The language of this is accommodative restrictive. Dominie Constumate Missoula would say, there is super restrictive. Talking about the US Central Bank, how do you gauge the parlor game of interest trate trajectory? Now, giving your new theme here, how do you take the minutia of analyzing up and down the restrictiveness? Just as one example with these larger thoughts of we need to change behavior and economics.
We take all that very seriously.
If you pick the example of the financing tightening, we'll look up and down the stream of you know, all financing channels from you know, credit lending, money markets, sovereign bonds, the whole gambit of it to appreciate how much tightening is produced by our restrictive monetary policy, and we have to factor that into what I have called my three criteria.

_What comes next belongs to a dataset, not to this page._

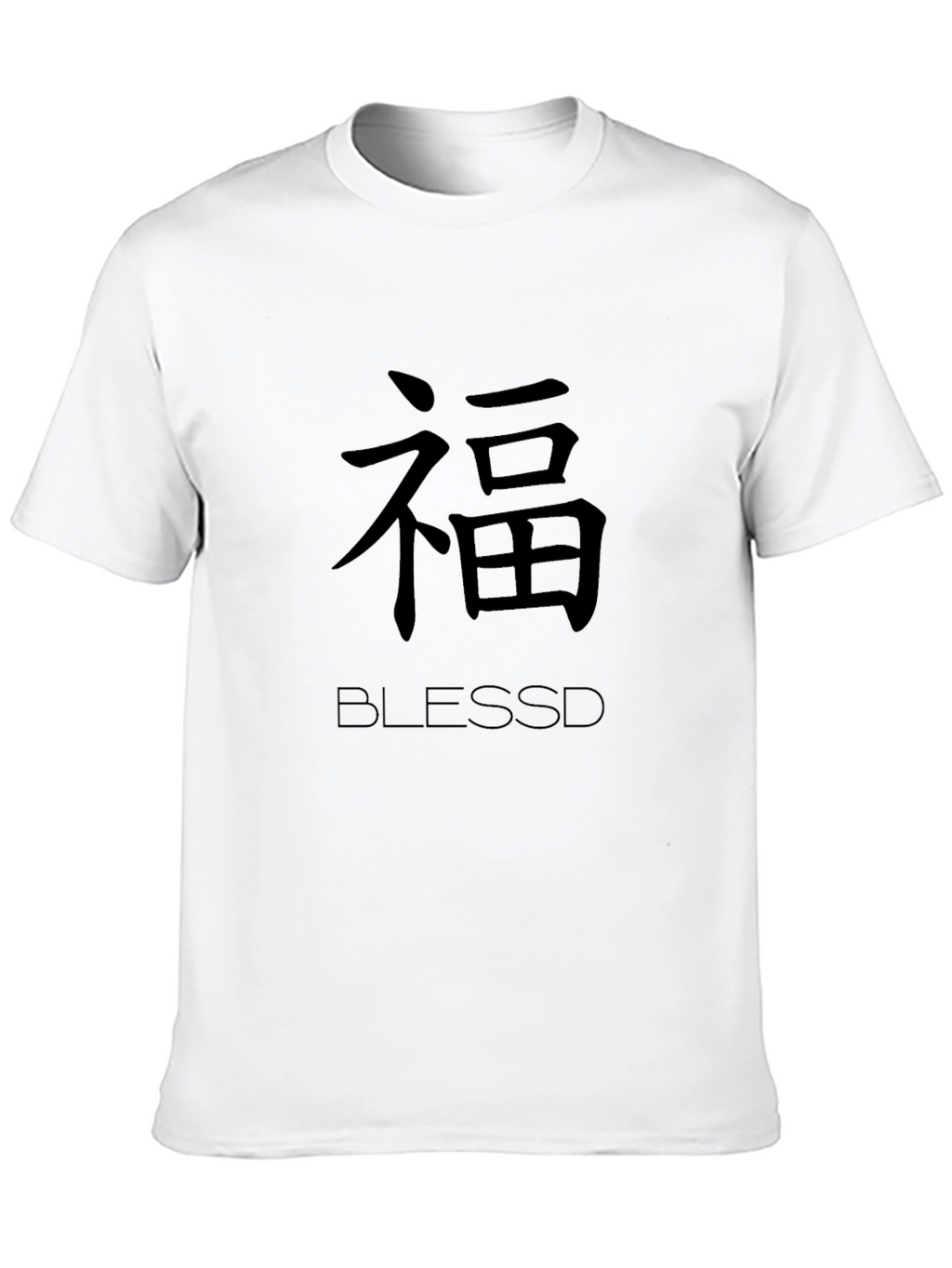 Blessed Graphic Tee - Black T-Shirt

If you will, inflation outlook, underlying inflation transmission, and strength of the transmission of monetary policy.
You ends this speech, and folks, really for those of you in economics, this is truly an original speech from the ECB today and from Christine lecard Caines. The difficulty lies not in the new ideas but escaping the old ones. Which one are you trying to escape September sixteenth. I mean not to bring a meeting in the focus here, but you need a new idea on September sixteenth?
What's it going to be?
I think what I meant using this particular quote is that we cannot just stay in the same box all the time and assume that the models that we have been using for number of years are going to produce the result that will guide us towards the right decisions. And I think by adding, as I said, underlying inflation, strength of the military policy transmission, we bring new ideas and new principles into our thinking and our collective considerations.
One final question, if I could, on a beautiful day in Wyoming, you have to fly back to Frankfurt and sell this speech to a very original set of nations in Europe. What will be the response, not only the response at your meeting in September sixteenth, but the simplistic statement of between the hawks and the doves. How will there be a uniform response or will this engender an immediate heated debate in Frankfurt.
I took the precaution to discuss that with some of them, and I think that's the general principles of those three shifts, the responses that we must provide, and the new key principles of clarity, humility and transparency. Sorry, clarity, flexibility and humility will stand and I think will be appreciated and respected by my colleagues on the Governing Council.
No. I look forward to September fourteenth, truly in a historic day.
I can't guarantee the same beautiful landscape as well.
The hills are alive with the sound of music.